[Start of Attachment]

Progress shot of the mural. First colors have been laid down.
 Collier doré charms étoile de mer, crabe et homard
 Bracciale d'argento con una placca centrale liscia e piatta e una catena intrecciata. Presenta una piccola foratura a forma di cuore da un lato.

[End of Attachment]

- [REQUIREMENT]
Output the entire listing exactly, including each line.

- [TASK OUTPUT]
Progress shot of the mural. First colors have been laid down.
 Collier doré charms étoile de mer, crabe et homard
 Bracciale d'argento con una placca centrale liscia e piatta e una catena intrecciata. Presenta una piccola foratura a forma di cuore da un lato.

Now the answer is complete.